We will also be interested in the set of zeroes of \(\omega \) which can be similarly decomposed as \({\varvec{\zeta }}_{\textrm{r}} \, \sqcup \, {\varvec{\zeta }}_{\textrm{c}} \, \sqcup \, \bar{{\varvec{\zeta }}}_{\textrm{c}}\) with \({\varvec{\zeta }}_{\textrm{r}}\subset {\mathbb {R}}\) the subset of real zeroes and \({\varvec{\zeta }}_{\textrm{c}}\subset \{y \in {\mathbb {C}} \,|\, \Im y > 0\}\) the subset of complex zeroes with positive imaginary part. Moreover, we introduce the set \({\varvec{\zeta }}:={\varvec{\zeta }}_{\textrm{r}} \,\sqcup \, {\varvec{\zeta }}_{\textrm{c}}\) of independent zeroes and let \(m_y \in {\mathbb {Z}}_{\ge 1}\) denote the order of the zero \(y \in {\varvec{\zeta }}\). For \(y \in {\varvec{\zeta }}_{\textrm{c}}\), \(\omega \) also has a zero of order \(m_{\bar{y}}:=m_y\) at \(\overline{y} \in \overline{{\varvec{\zeta }}}_{\textrm{c}}\). The set of all zeroes of \(\omega \) is \(\Pi {\varvec{\zeta }}\) and the set of all finite zeroes is \(\Pi {\varvec{\zeta }}'\).

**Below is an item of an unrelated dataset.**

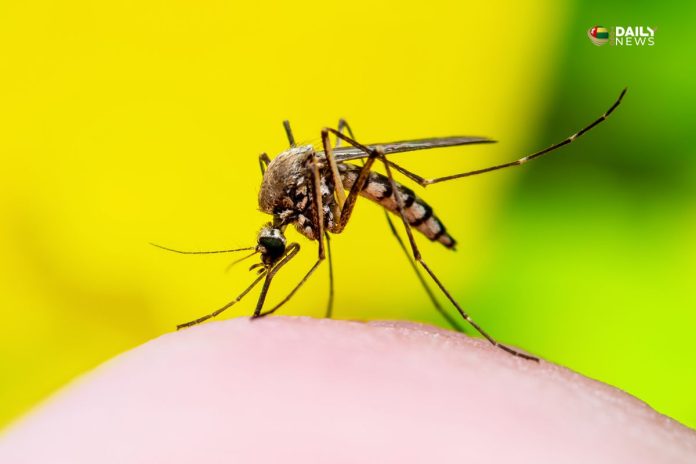 dengue Togo cas de dengue au Togo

The total number of poles of \(\omega \) (counting multiplicities) is related to the total number of zeroes of \(\omega \) (counting multiplicities) by

$$\begin{aligned} \sum _{x \in \Pi \varvec{z}} n_x = \sum _{y \in \Pi {\varvec{\zeta }}} m_y + 2. \end{aligned}$$
(2.2)

We will assume that the total number of poles of \(\omega \) (counting multiplicities) is even, so that the total number of zeroes of \(\omega \) (counting multiplicities) also is by (2.2).

We summarise the notations for the different subsets of poles and zeroes of \(\omega \) introduced above in the tables below.

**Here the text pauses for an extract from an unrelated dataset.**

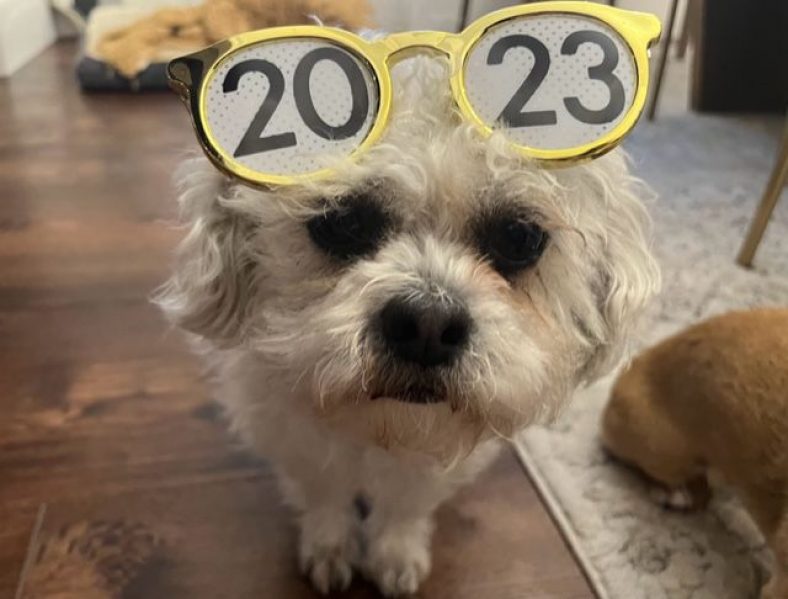 January 2023 Dog Events and Dog Holidays – Dogster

Subsets of poles of \(\omega \)

\(\Pi \varvec{z}\)

All

\(\Pi \varvec{z}'\)

Finite

\(\varvec{z}_{\textrm{r}}\)

Real

\(\varvec{z}_{\textrm{r}}'\)

Finite and real

\(\varvec{z}_{\textrm{c}}\)

Positive imaginary part

\(\varvec{z}\)

Independent

\(\varvec{z}'\)

Finite and independent

Subsets of zeroes of \(\omega \)

\(\Pi {\varvec{\zeta }}\)

All

\(\Pi {\varvec{\zeta }}'\)

Finite

\({\varvec{\zeta }}_{\textrm{r}}\)

Real

\({\varvec{\zeta }}'_{\textrm{r}}\)

Finite and real

\({\varvec{\zeta }}_{\textrm{c}}\)

Positive imaginary part

\({\varvec{\zeta }}\)

Independent

\({\varvec{\zeta }}'\)

Finite and independent

Following [2], to account for the fact that poles and zeroes of \(\omega \) have multiplicities, it will sometimes be convenient to use the notation \([{\varvec{z}}]\) for the set of pairs \([x, p]\) with \(x \in \varvec{z}\) and \(p = 0, \ldots , n_x - 1\), and similarly \(({{\varvec{\zeta }}})\) for the set of pairs \((y, q)\) with \(y \in {\varvec{\zeta }}\) and \(q=0,\ldots , m_y-1\). We will use other similar notations, such as \([{\Pi \varvec{z}}]\) and \(({\Pi {\varvec{\zeta }}})\) for the set of all poles and all zeroes of \(\omega \) with multiplicities included, respectively.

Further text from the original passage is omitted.